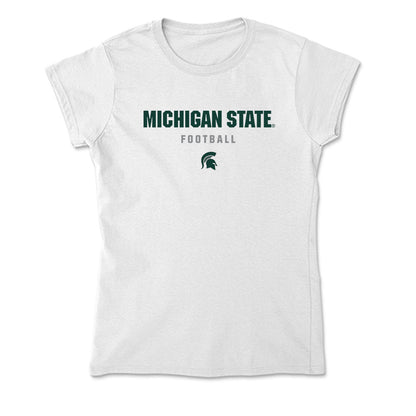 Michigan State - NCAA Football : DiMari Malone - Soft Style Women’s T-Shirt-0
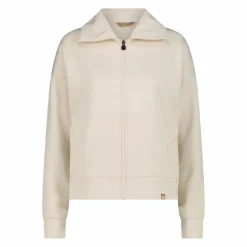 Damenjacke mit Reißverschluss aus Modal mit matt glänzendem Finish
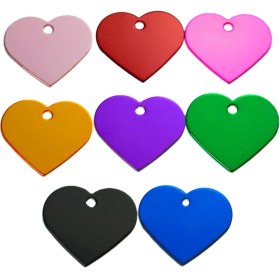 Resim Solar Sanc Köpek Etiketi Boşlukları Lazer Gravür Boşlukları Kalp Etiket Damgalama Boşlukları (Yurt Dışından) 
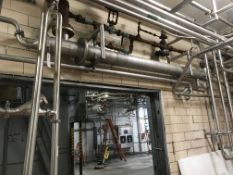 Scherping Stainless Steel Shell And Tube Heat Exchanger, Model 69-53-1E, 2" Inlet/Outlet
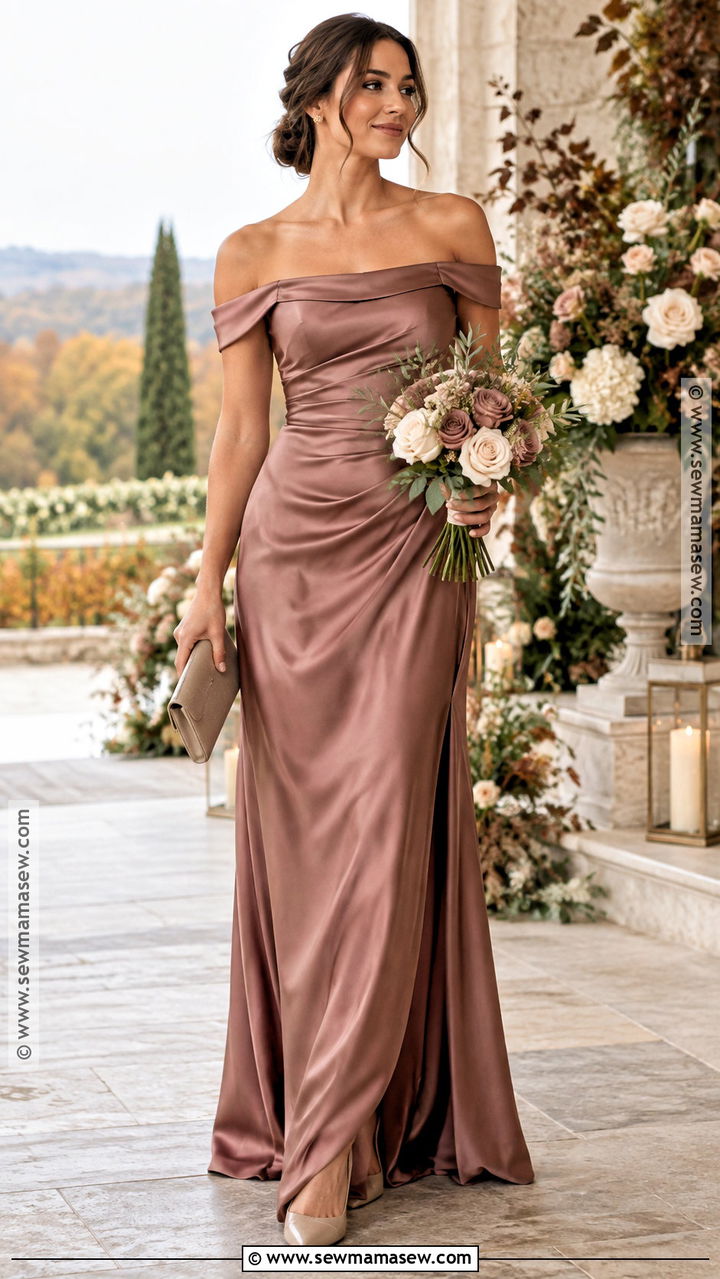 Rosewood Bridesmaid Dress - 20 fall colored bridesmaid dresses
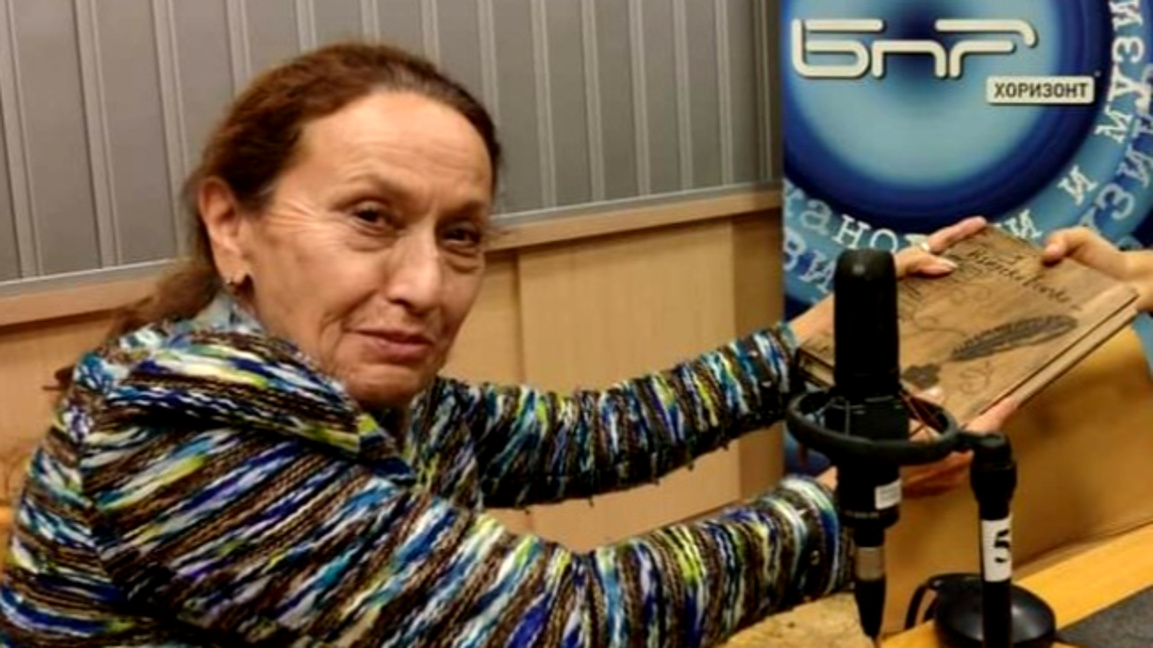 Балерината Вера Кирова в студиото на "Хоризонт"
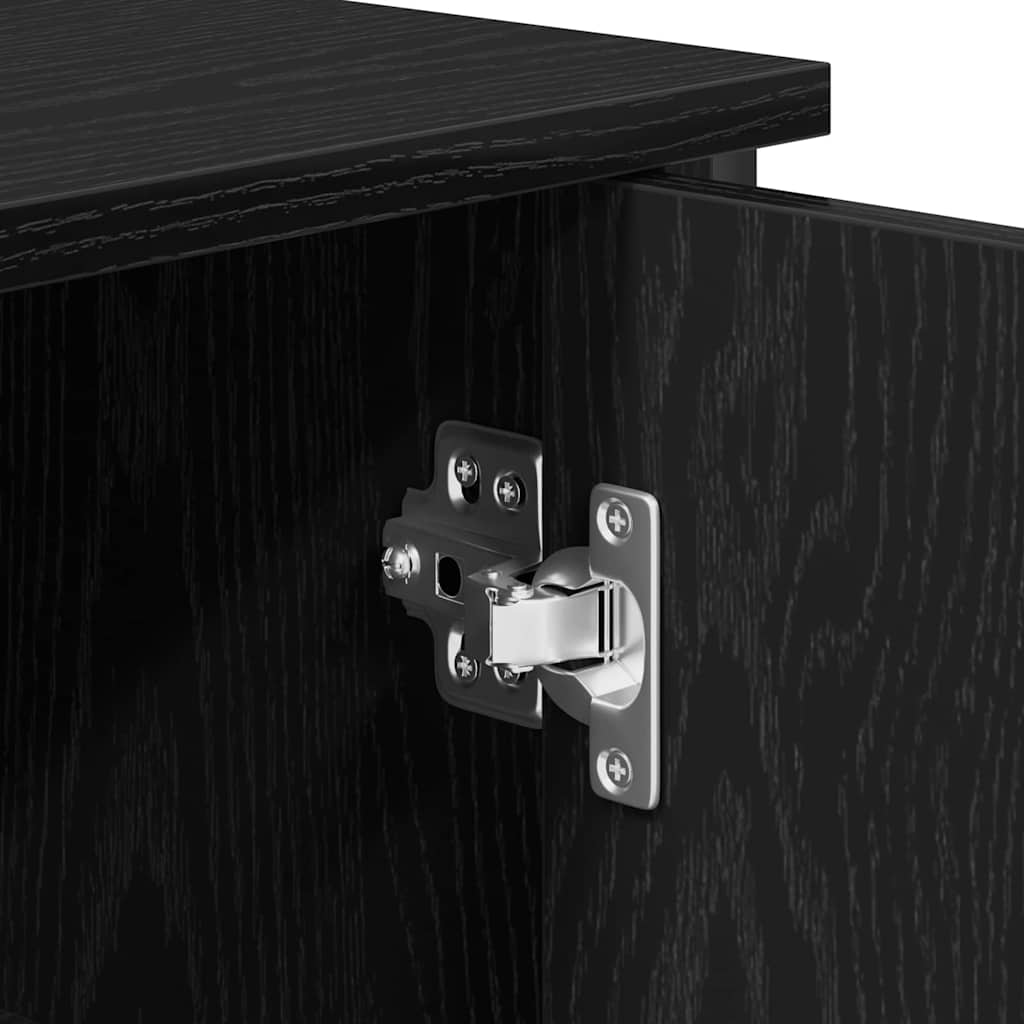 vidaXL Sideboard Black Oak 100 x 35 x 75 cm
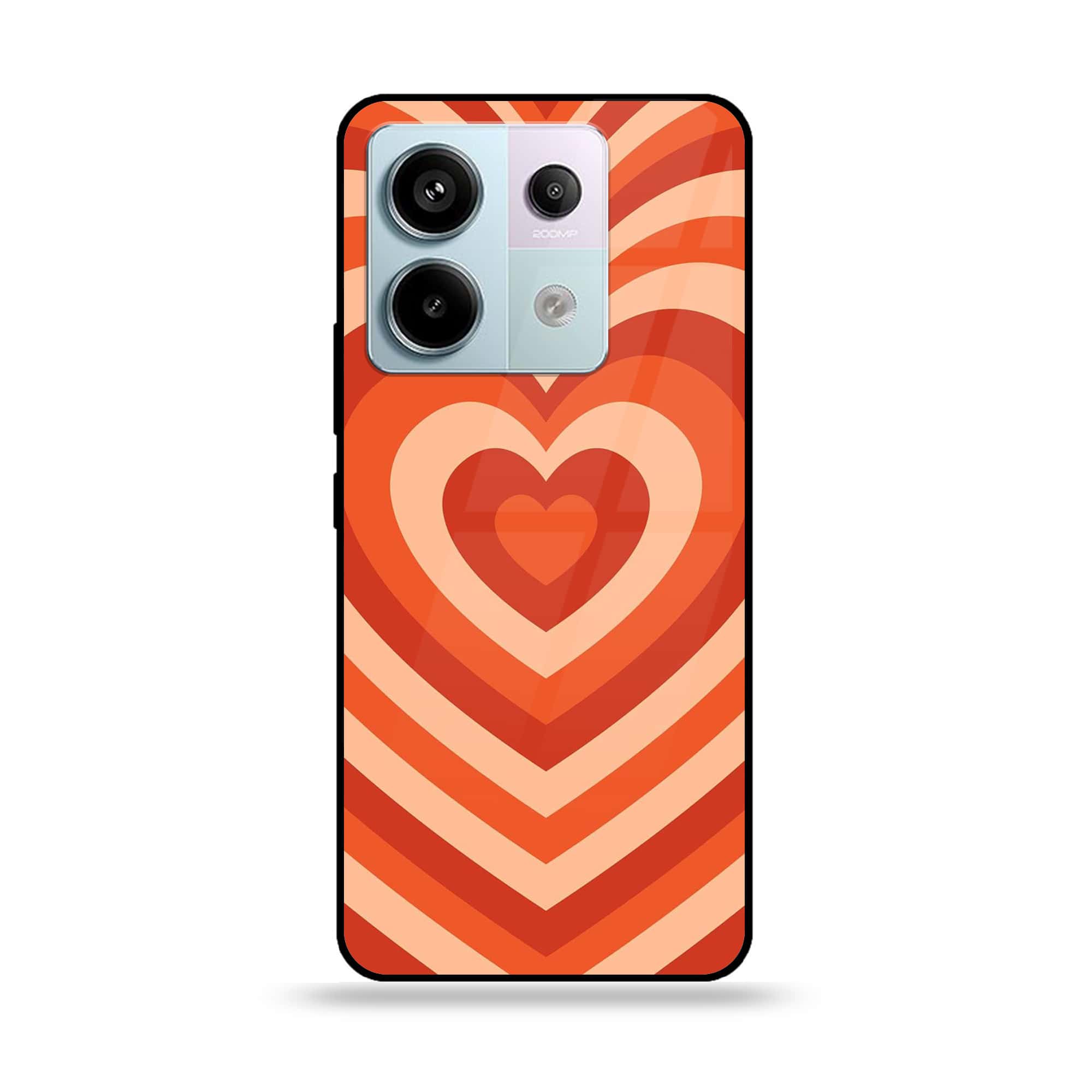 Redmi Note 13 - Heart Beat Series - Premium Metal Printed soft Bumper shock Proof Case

--------------------------------

=== YOUR OBJECTIVE ===
Skip the pictures. Return exactly the lines from the one containing "Rosewood Bridesmaid Dress" through the end of the data above, both included, and nothing besides.

=== RESULT OF THIS EXERCISE ===
 Rosewood Bridesmaid Dress - 20 fall colored bridesmaid dresses
 Балерината Вера Кирова в студиото на "Хоризонт"
 vidaXL Sideboard Black Oak 100 x 35 x 75 cm
 Redmi Note 13 - Heart Beat Series - Premium Metal Printed soft Bumper shock Proof Case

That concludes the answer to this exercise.